Work request → Copy out nothing but the line containing "Condo, 2 Bedrooms photo 3" and the lines that follow it to the end of the entries, exactly as they stand.

Records to process →
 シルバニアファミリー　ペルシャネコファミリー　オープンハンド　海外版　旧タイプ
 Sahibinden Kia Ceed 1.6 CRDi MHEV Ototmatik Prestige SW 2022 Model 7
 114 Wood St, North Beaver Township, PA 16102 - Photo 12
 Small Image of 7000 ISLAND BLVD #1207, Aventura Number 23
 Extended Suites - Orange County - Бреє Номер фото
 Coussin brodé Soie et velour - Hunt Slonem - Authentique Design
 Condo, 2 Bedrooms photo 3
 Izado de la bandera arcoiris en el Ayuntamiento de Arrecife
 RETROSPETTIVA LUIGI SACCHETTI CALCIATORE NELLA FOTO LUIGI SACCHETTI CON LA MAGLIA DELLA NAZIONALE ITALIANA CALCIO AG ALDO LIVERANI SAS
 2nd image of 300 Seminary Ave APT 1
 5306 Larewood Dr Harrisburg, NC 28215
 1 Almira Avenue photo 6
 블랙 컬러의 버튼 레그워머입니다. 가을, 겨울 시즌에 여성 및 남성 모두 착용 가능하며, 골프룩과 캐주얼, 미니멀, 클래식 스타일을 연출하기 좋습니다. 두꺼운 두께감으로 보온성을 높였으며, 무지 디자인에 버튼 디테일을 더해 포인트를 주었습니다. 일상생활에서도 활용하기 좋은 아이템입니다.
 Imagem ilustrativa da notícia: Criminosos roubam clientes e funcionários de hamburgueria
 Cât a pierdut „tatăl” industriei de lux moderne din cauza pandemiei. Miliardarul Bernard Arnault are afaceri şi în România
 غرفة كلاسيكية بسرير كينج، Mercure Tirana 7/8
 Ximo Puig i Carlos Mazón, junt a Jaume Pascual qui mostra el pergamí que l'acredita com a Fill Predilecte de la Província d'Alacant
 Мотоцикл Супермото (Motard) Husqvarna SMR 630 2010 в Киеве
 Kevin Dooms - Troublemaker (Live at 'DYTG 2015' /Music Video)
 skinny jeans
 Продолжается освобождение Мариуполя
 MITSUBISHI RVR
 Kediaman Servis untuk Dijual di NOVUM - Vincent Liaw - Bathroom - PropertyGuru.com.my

The completed task →
 Condo, 2 Bedrooms photo 3
 Izado de la bandera arcoiris en el Ayuntamiento de Arrecife
 RETROSPETTIVA LUIGI SACCHETTI CALCIATORE NELLA FOTO LUIGI SACCHETTI CON LA MAGLIA DELLA NAZIONALE ITALIANA CALCIO AG ALDO LIVERANI SAS
 2nd image of 300 Seminary Ave APT 1
 5306 Larewood Dr Harrisburg, NC 28215
 1 Almira Avenue photo 6
 블랙 컬러의 버튼 레그워머입니다. 가을, 겨울 시즌에 여성 및 남성 모두 착용 가능하며, 골프룩과 캐주얼, 미니멀, 클래식 스타일을 연출하기 좋습니다. 두꺼운 두께감으로 보온성을 높였으며, 무지 디자인에 버튼 디테일을 더해 포인트를 주었습니다. 일상생활에서도 활용하기 좋은 아이템입니다.
 Imagem ilustrativa da notícia: Criminosos roubam clientes e funcionários de hamburgueria
 Cât a pierdut „tatăl” industriei de lux moderne din cauza pandemiei. Miliardarul Bernard Arnault are afaceri şi în România
 غرفة كلاسيكية بسرير كينج، Mercure Tirana 7/8
 Ximo Puig i Carlos Mazón, junt a Jaume Pascual qui mostra el pergamí que l'acredita com a Fill Predilecte de la Província d'Alacant
 Мотоцикл Супермото (Motard) Husqvarna SMR 630 2010 в Киеве
 Kevin Dooms - Troublemaker (Live at 'DYTG 2015' /Music Video)
 skinny jeans
 Продолжается освобождение Мариуполя
 MITSUBISHI RVR
 Kediaman Servis untuk Dijual di NOVUM - Vincent Liaw - Bathroom - PropertyGuru.com.my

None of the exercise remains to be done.